More than half of the children who die of malaria die within the first 48 hours [6]. Choice between aspirin and antimalarials to treat the fever can make a difference in terms of life and death. Fast and appropriate diagnosis and treatment of malaria is extremely important in reducing child mortality and achieving two of the major millennium development goals [7]. Quite often symptoms of malaria go unrecognized or untreated [8]. According to the Multilateral Initiative on Malaria, 70% of the malaria cases that are treated at home are mismanaged. Up to 82% of all malaria episodes in sub-Saharan Africa are treated outside the formal health sector [9].

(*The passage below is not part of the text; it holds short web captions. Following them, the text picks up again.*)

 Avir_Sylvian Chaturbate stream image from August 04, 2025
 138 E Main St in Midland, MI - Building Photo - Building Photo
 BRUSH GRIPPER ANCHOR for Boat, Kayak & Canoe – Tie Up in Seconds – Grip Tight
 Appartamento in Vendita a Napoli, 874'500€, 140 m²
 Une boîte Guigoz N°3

The interaction and communication between the community members can help identify the symptoms and increase the effectiveness of resources and service in place. Well-communicated information and collective decision making can lead to faster and superior home based treatment. The benefit of extensive ICN can go a long way beyond malaria prevention. It allows opening up the use of untapped resource of social capital. The authors in [10] investigate the relationships between mortality and social capital and find that communities in the US with the highest rate of civic participation (considered as a proxy of social capital) had the lowest rate of mortality from heart disease and malignant tumors. Social capital is built on shared values and norms, and is based on a sense of trust, hope, and reciprocity. Health outcomes achieved through these channels are termed as non-market behaviour. The non-market behaviour provides mutual insurance against illness and is an important determinant of the quality of health care especially in low and middle income countries [11]. Fortunately, most of the malaria-cursed developing countries are endowed with a high stock of social capital.

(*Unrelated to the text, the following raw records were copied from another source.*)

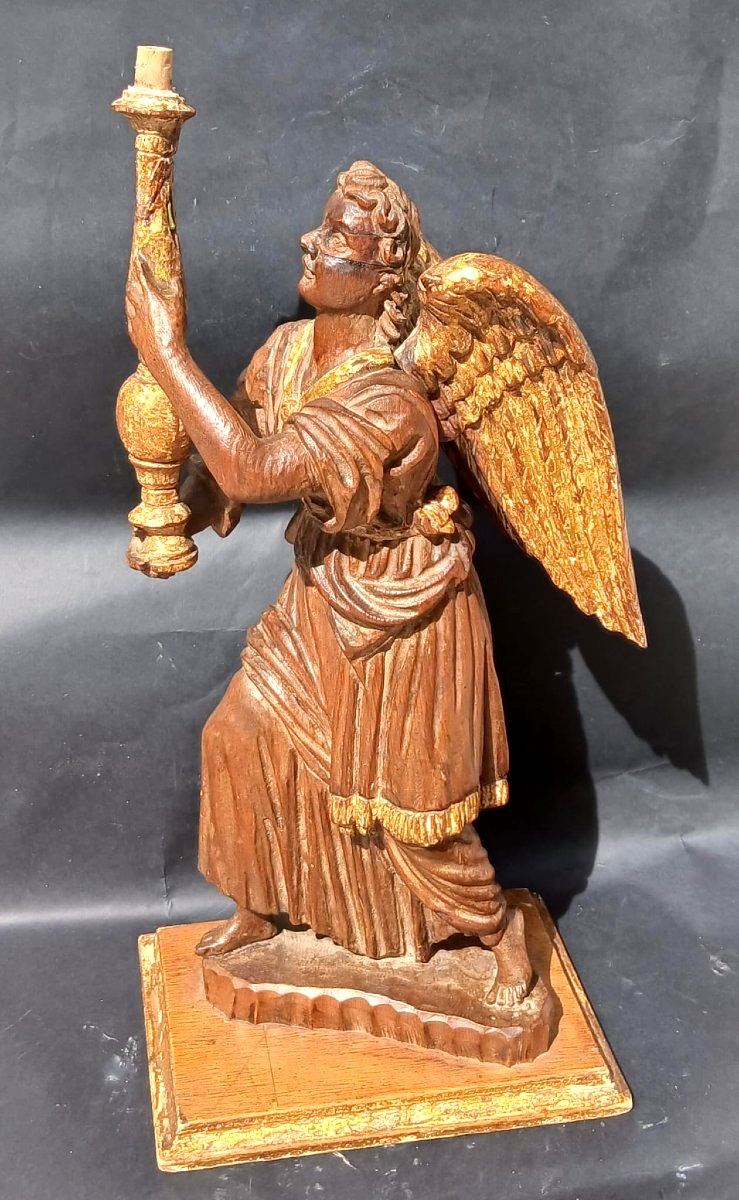 Candeliere in noce scolpito e dorato. Raffinata scultura veneziana degli inizi del XVII secolo-photo-2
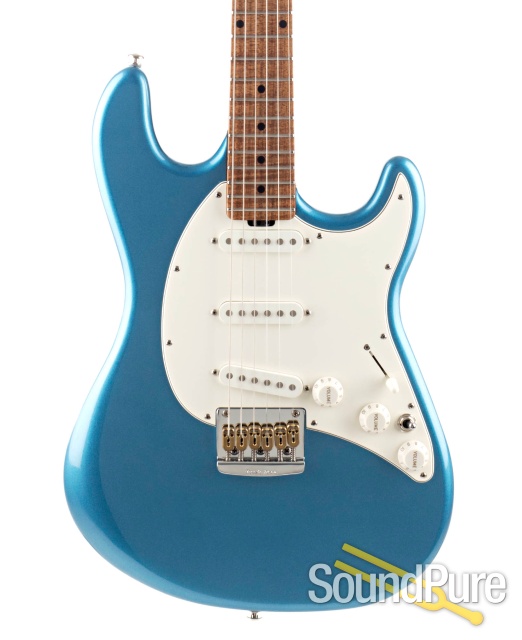 Ernie Ball Music Man Hunter Hayes Cutlass #S03134 - Used — image 1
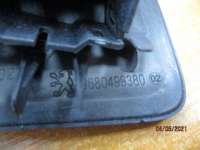Крышка форсунки омывателя фары Peugeot 308 1 2011г. 9680499380 - Фото 3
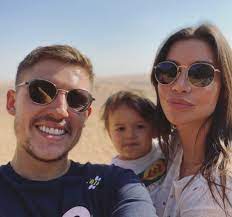 Bekijk alle berichten van vidcaps. Zoontje Lil Kleine Is Grote Hit Op Instagram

A variety of case studies highlighted the role of ICN facilities. Study by [12] evaluated a community-based health education programme in Kalajatha in rural India through a culturally enriched mass communication method. The findings showed that the respondents exposed to key information regarding malaria had significant positive immediate changes in knowledge and behaviour, particularly in bio-environmental measures of malaria prevention (e.g. associating clean water with anopheline breeding, releasing larvivorous fish to control malaria). The case study by in [13] finds that evidence-based participatory interventions tools that communicate key information regarding malaria are urgently required at the grassroots level. The ACCESS programme in Tanzania is another example that uses social marketing tools for providing prompt access to effective treatment for malaria at the community level [14].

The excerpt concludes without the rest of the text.